--- EXERCISE GOAL ---
If the records below hold pictures, omit them, and print exactly the lines from the first line through the line containing "NJ license plate I34NBO", inclusive.

[Caption-style text data]
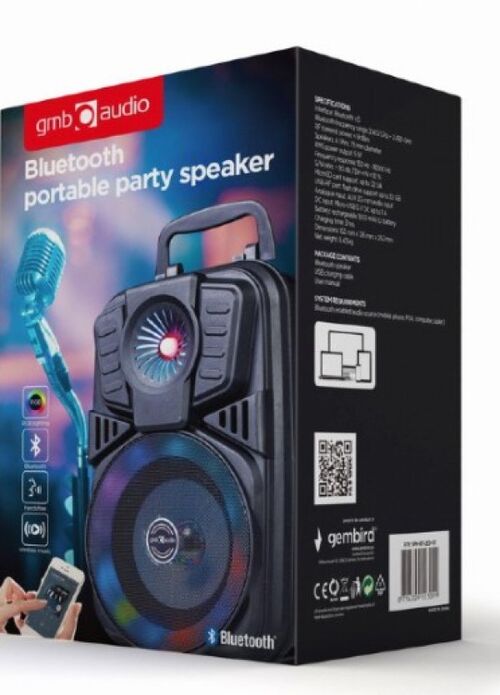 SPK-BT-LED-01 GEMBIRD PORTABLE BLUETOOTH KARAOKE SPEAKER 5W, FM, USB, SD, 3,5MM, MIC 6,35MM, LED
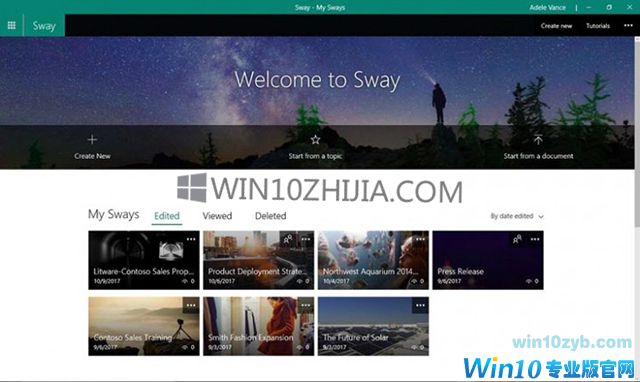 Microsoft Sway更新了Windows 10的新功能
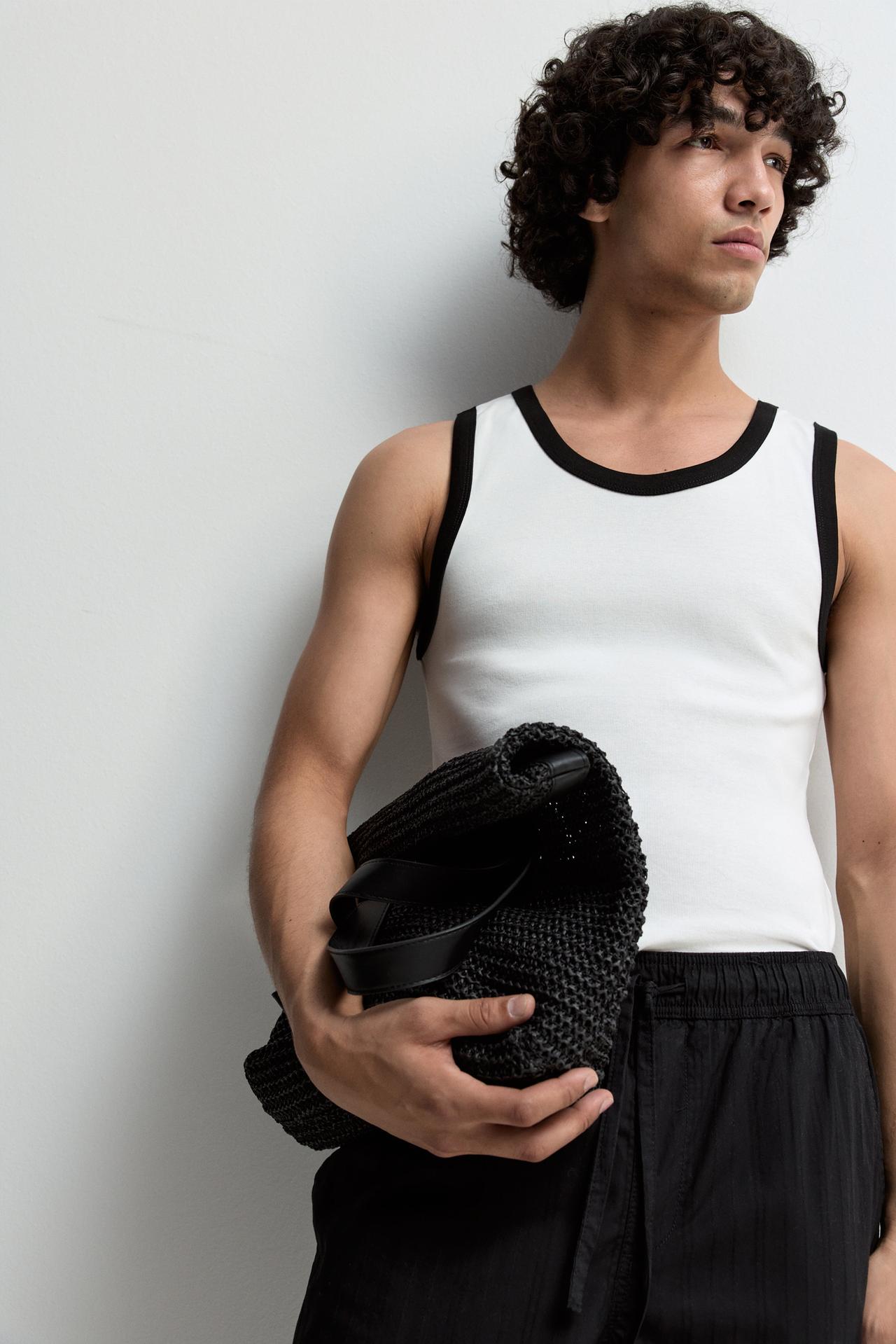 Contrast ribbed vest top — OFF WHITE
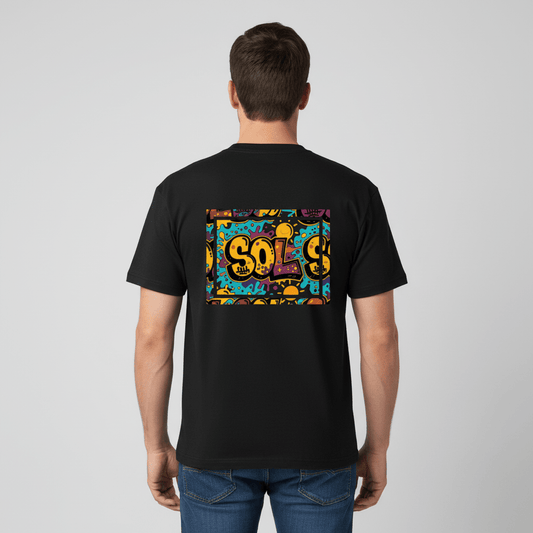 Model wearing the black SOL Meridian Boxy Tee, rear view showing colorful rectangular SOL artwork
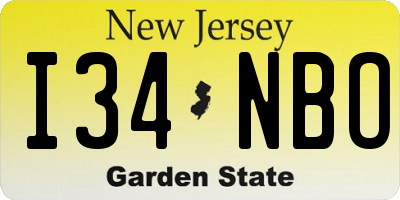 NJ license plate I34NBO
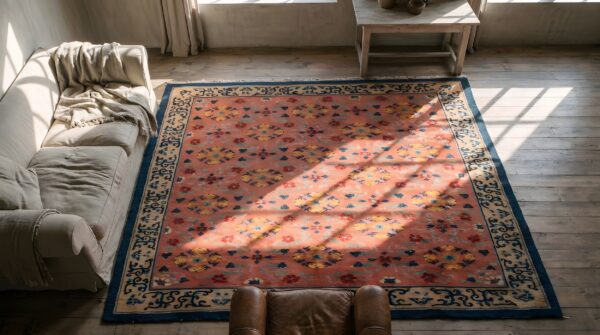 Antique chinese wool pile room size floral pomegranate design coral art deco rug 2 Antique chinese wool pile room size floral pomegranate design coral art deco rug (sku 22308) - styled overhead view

--- FINISHED EXERCISE ---
 SPK-BT-LED-01 GEMBIRD PORTABLE BLUETOOTH KARAOKE SPEAKER 5W, FM, USB, SD, 3,5MM, MIC 6,35MM, LED
 Microsoft Sway更新了Windows 10的新功能
 Contrast ribbed vest top — OFF WHITE
 Model wearing the black SOL Meridian Boxy Tee, rear view showing colorful rectangular SOL artwork
 NJ license plate I34NBO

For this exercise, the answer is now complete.